Being able to flag someone else's content as "offensive" or "explicit" is a different matter and it's a question worth taking seriously. Nevertheless I think their solution is a reasonable one, on its face. Here's why:
Journals flagged by third parties as being explicit or offensive are not automatically filtered from the LJ community. The flags have to be reviewed by LJ staff. The combination of "multiple independent reports" and "human oversight" essentially amount to using the entire LJ community as a first-pass, coarse-grained filter for sexually explicit material. Having human staff or 6A volunteers (and, for the sake of argument, let us assume that these are reasonably intelligent adults) review user-flagged journals for content applies a degree of sanity to the process and prevents a small group of determined vandals from being able to hold LJ hostage.
This is not a feature I would have requested.
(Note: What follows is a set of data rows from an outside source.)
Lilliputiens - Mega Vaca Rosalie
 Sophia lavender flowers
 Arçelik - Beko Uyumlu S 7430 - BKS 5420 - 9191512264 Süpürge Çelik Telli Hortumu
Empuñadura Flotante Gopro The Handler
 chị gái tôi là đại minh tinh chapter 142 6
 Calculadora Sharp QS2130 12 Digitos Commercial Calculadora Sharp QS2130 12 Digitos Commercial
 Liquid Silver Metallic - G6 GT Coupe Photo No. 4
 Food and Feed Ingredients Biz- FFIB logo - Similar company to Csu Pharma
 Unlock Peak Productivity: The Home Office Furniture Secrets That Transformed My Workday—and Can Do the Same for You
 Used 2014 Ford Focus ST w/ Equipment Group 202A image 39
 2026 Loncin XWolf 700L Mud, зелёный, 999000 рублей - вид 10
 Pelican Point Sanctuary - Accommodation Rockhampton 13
But assuming that it had to be done? Believe me, this solution beats a lot of the alternatives all to hell. Frankly, I think Six Apart deserves some credit for
applying some thought to the problem and coming up with a good compromise between investor pressure, freedom of expression and limited resources.
no subject
Date: 2007-11-30 09:16 pm (UTC)USENETLiveJournal!no subject
Date: 2007-11-30 09:19 pm (UTC)History this past calendar year alone shows this assumption to be unfounded, incorrect, incomplete, and otherwise just plain wrong.
no subject
Date: 2007-11-30 09:35 pm (UTC)The major reason this bugs me is because it makes it much less likely for anyone not on LJ to read anything on LJ. If, say, my journal gets flagged as an adult content journal - which it well might - that would mean that anyone not on LJ who came upon it would see nothing but a page of lj-cuts, and not informative lj-cuts, but ones that say only "This may be explicit material." If you came upon a web page and the only thing it showed you was a list of links with absolutely no information about what was behind them - would you bother clicking around? And even if you did, the next thing you would find would be an "I certify I'm over 18" button. By that point people have given up and gone away.
So if you don't want someone's writings read, get them flagged. LJ will say it's not censorship because they're not deleting anything, but probably you've cut the readership of it in, say, half. I suspect this will start getting abused for political reasons, in, oh, negative one hour.
no subject
Date: 2007-11-30 09:53 pm (UTC)If you came upon a web page and the only thing it showed you was a list of links with absolutely no information about what was behind them - would you bother clicking around? And even if you did, the next thing you would find would be an "I certify I'm over 18" button.
Believe me, there is no better way to get me to click through into a web site than by putting it behind a link that says "This may contain explicit material" and a button that says "I swear I'm really over 18".
I also don't expect this to become subject to widespread and blatant abuse for the reasons cited above. If I don't want someone's writings read, I can try to flag them, but I expect that even the LJ abuse team would recognize a baldly fraudulent attempt to get someone's political writings flagged as "offensive content."